** Data block follows **

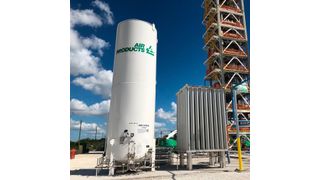 Air Products startet ein europaweites Projekt zur Zertifizierung von erneuerbarem Wasserstoff. (Air Products)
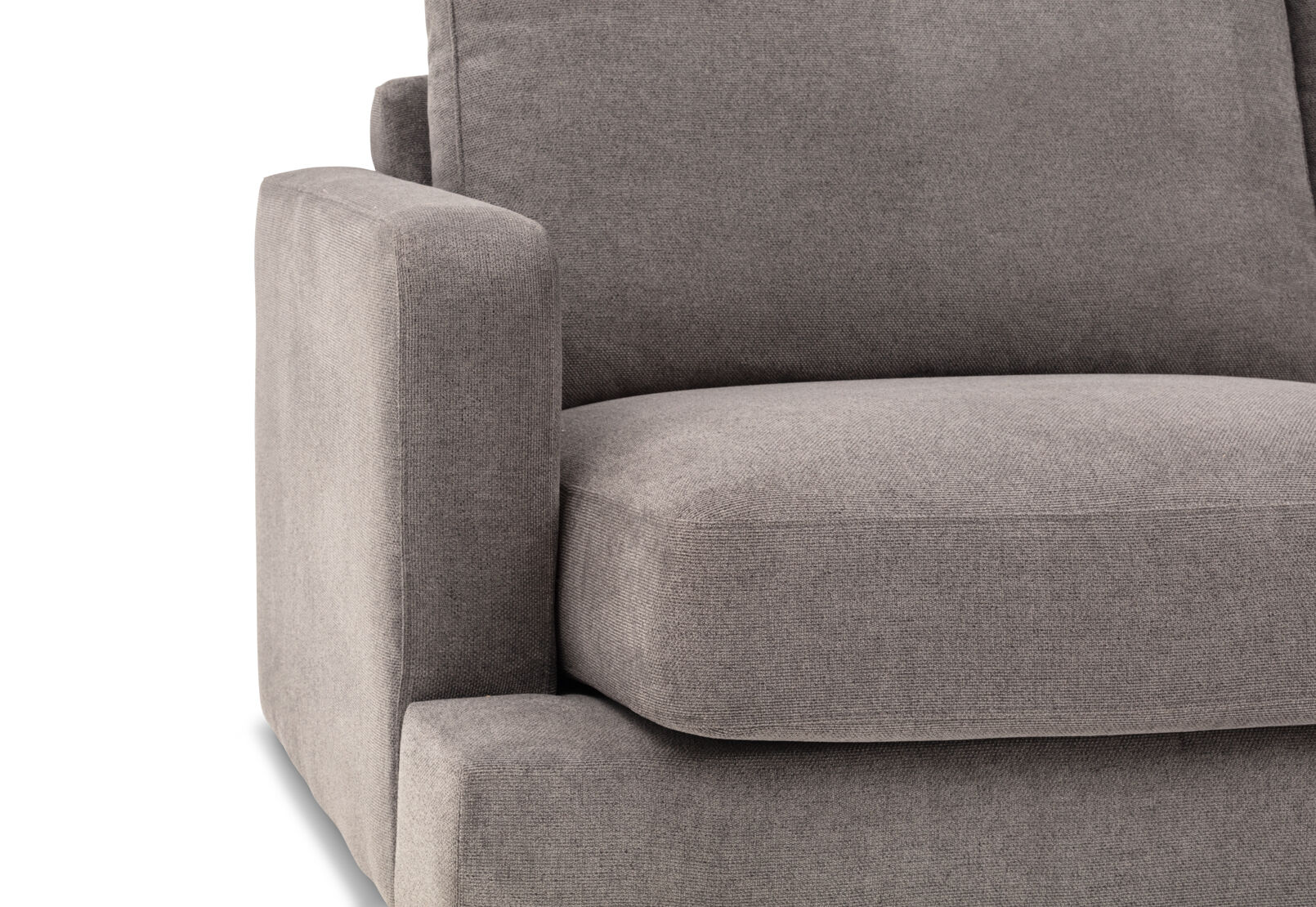 LIESL FABRIC - 3 Seater RHF Chaise LIESL FABRIC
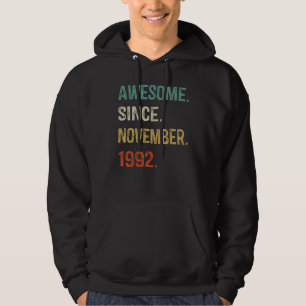 Sudadera Increíble desde noviembre de 1992 30º cumpleaños 3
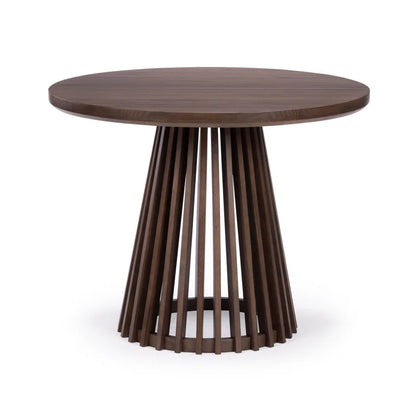 38 in Solid Wood round Dining Table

** End of Data block **

_Aim of the task_:
All that is needed is the span from the line with "LIESL FABRIC - 3" through the last line of the material above, reproduced exactly and free of pictures.

_Exercise response_:
 LIESL FABRIC - 3 Seater RHF Chaise LIESL FABRIC
 Sudadera Increíble desde noviembre de 1992 30º cumpleaños 3
 38 in Solid Wood round Dining Table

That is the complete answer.